G.B, Shaw wittily observed that a nation is created by people divided by a common language and united by a common enemy, but when the common language is mutual hatred, the nation can also be destroyed.  We live in dangerous days.  Everything from class warfare to climate change to global terrorism to unending economic stagnation threatens us.  In some possible outcomes, our survival as a democracy is indeed threatened.  Those dangers can be both a threat and an opportunity to us.  One more quote – Aristotle was the first to get into the act of combining “common” and “enemy” into one sentence by writing “Even the bitterest of enemies can be united by a common danger.”  Our fondness for battle has got us into the wrong wars against ourselves.  We need to raise our sights to see the dangers we share and to relearn how to work together on them.  Politicians need to remember, like Dingell, why they set out into politics in the first place.  If it was purely from hate, they are in the wrong business.

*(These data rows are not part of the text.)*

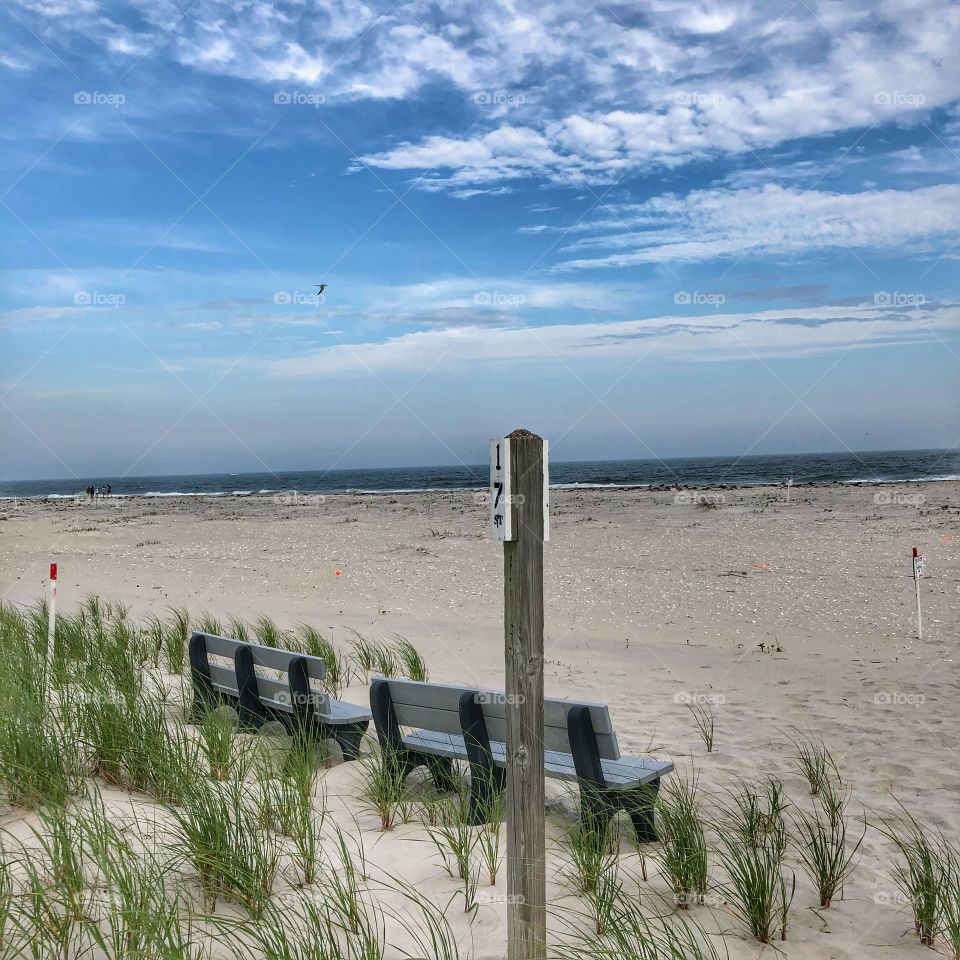 Sea grass on dunes along the seashore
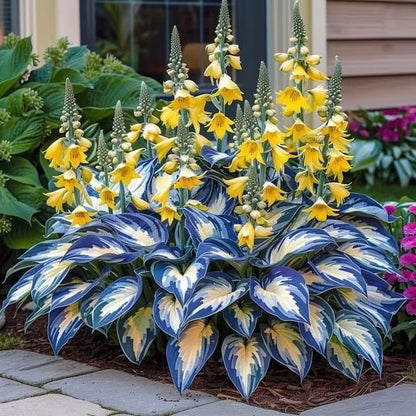SVOZK® Premium Rare Hosta Seeds💖🔥1 Pack-100 Seeds"The Queen of the Shade Garden" - Freshly Packed, High Germination, Exotic Varieties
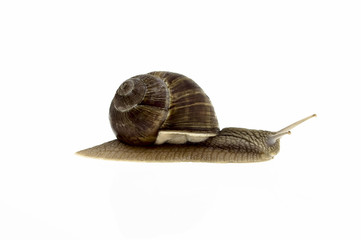 Schnecke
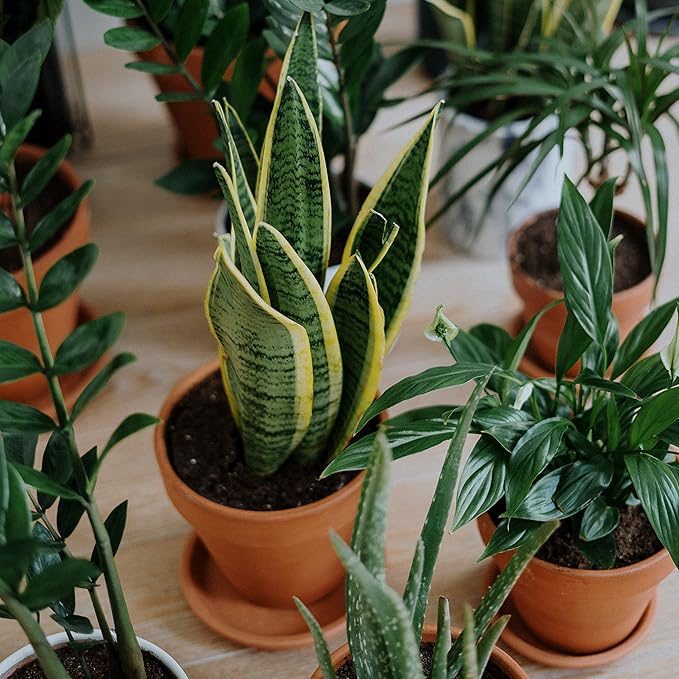 Terracotta Starter Pots with Saucers – 4 Inch Clay Planting System for Healthy Roots, Reliable Drainage & Indoor Growing, Ideal for Succulents, Seedlings & Small Spaces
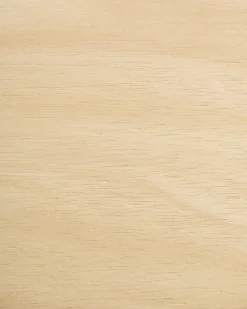 Sæt med 2 spisebordsstole MINIER Træ Lysebrun/beige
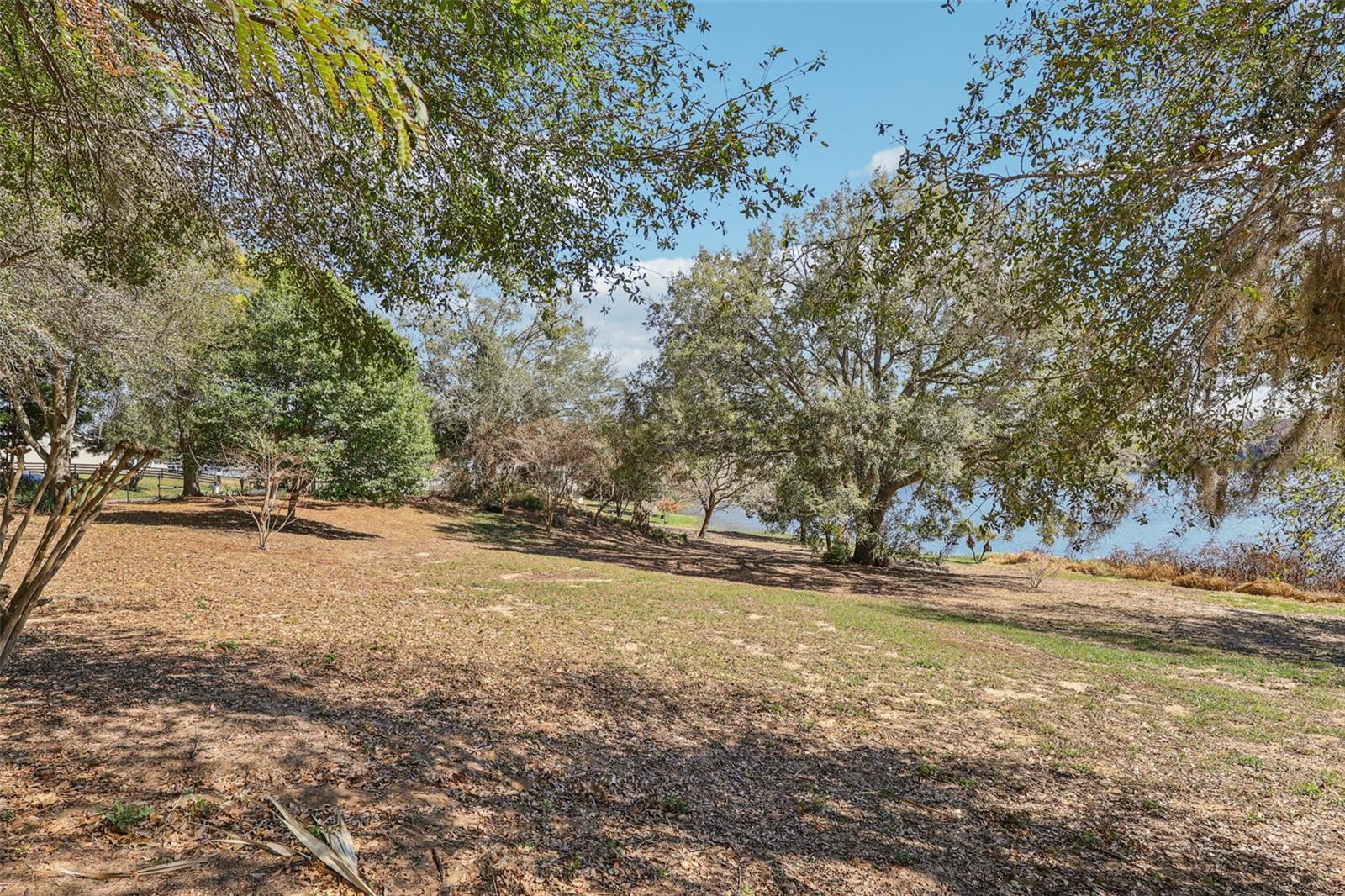 EUSTIS BELMONT HEIGHTS - Land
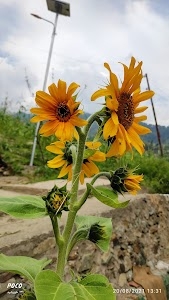 Singhpora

By itself, of course, just hating each other less is not enough.  We need to try out things that have worked elsewhere, like the British practice of severely limiting the election cycle, or requiring media to provide free or low cost political ads as a requirement for licensing.  And Citizens United, and the underlying definition of corporations as political people, needs serious rethought. When you need lots of money to campaign, the temptations of lobbyists and PACs are too great.  And “here there be tygers.”  The need for money to get elected has itself become one of our greatest dangers.  Defeating it should unite us.